Foralumab is designed to bind to T cell receptor and dampens inflammation by modulating T cell function, thereby suppressing effector features in multiple immune cell subsets. The agent is administered intranasally, providing a novel avenue for the treatment of inflammatory human diseases. Tiziana also noted they developed delivery device training materials and refined them in collaboration with the agency. Therefore, patients with MS will be trained in the use of the nasal device in accordance with the instructed materials.
“Traditionally, patients with MS had to visit healthcare facilities for treatment, which could be inconvenient and burdensome. The FDA’s approval for home dosing of foralumab will transform the way patients manage their condition, offering them greater control over their treatment schedules and the convenience of receiving care in their familiar environment,” Gabriele Cerrone, executive chairman and interim chief executive officer at Tiziana Life Sciences, said in a statement.1 “We are elated with the FDA’s allowance for home dosing of intranasal foralumab. This step significantly aligns with our mission to make innovative therapies more accessible to patients and ultimately improve their quality of life. We believe that this treatment approach will revolutionize the way patients with MS manage their condition.”

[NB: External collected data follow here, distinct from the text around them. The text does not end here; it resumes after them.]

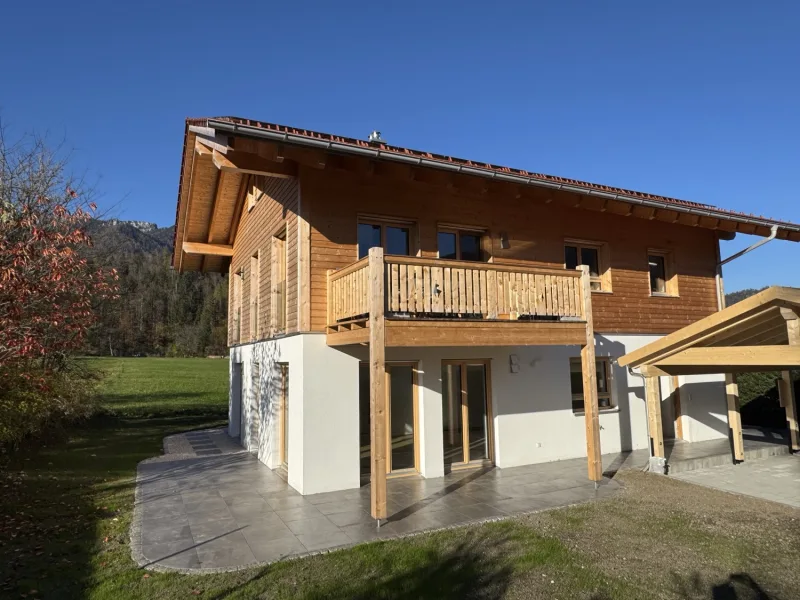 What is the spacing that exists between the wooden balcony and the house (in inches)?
1.3

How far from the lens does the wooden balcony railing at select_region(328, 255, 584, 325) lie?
736cm

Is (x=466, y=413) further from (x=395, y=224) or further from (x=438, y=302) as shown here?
(x=395, y=224)

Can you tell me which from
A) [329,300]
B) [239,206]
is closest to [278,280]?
[329,300]

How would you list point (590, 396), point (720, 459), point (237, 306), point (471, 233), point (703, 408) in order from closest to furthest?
1. point (590, 396)
2. point (720, 459)
3. point (471, 233)
4. point (703, 408)
5. point (237, 306)

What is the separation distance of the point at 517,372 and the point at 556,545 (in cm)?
483

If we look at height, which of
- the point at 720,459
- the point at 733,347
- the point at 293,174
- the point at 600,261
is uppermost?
the point at 293,174

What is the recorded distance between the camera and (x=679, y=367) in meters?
9.23

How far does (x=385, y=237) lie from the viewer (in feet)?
32.1

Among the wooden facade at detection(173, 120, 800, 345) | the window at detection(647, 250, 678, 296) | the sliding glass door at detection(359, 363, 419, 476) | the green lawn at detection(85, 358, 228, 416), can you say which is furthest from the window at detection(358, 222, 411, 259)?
the green lawn at detection(85, 358, 228, 416)

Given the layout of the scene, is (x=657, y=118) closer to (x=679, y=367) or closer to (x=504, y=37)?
(x=504, y=37)

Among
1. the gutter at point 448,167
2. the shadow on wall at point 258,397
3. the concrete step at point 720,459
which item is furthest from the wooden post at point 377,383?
the concrete step at point 720,459

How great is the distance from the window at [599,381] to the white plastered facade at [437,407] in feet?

At MSMilan 2023, the joint ECTRIMS-ACTRIMS meeting, held October 11-13, in Milan, Italy, a small-scale study of patients with non-active secondary progressive multiple sclerosis (SPMS) treated with foralumab showed improvements in clinical measures of fatigue and physical function. All patients with SPMS in the study (n = 6) experienced improvement in at least 1 clinical measure of Expanded Disability Status Scale (EDSS), pyramidal score, or Modified Fatigue Impact Score (MFIS), and all but 1 (5 of 6) showed improvement on microglial PET imaging at 6 months.
Using 18F-PBR06-microglial PET imaging, results showed that 5 of the 6 participants had reductions in PET signal at 3- and 6-months after initiating treatment. Notably, no new T2 or gadolinium-enhancing lesions were noted on post-treatment 3T MRIs. The therapy was shown to be safe and well tolerated with runny nose and nasal congestion, both self-limited, as the only treatment-related adverse events (AEs). Two patients had serious AEs deemed unrelated to the study drug (Patient EA1 and EA2 – COVID diagnosis; EA1 – 2 episodes UTI/cystitis associated with benign prostatic hyperplasia).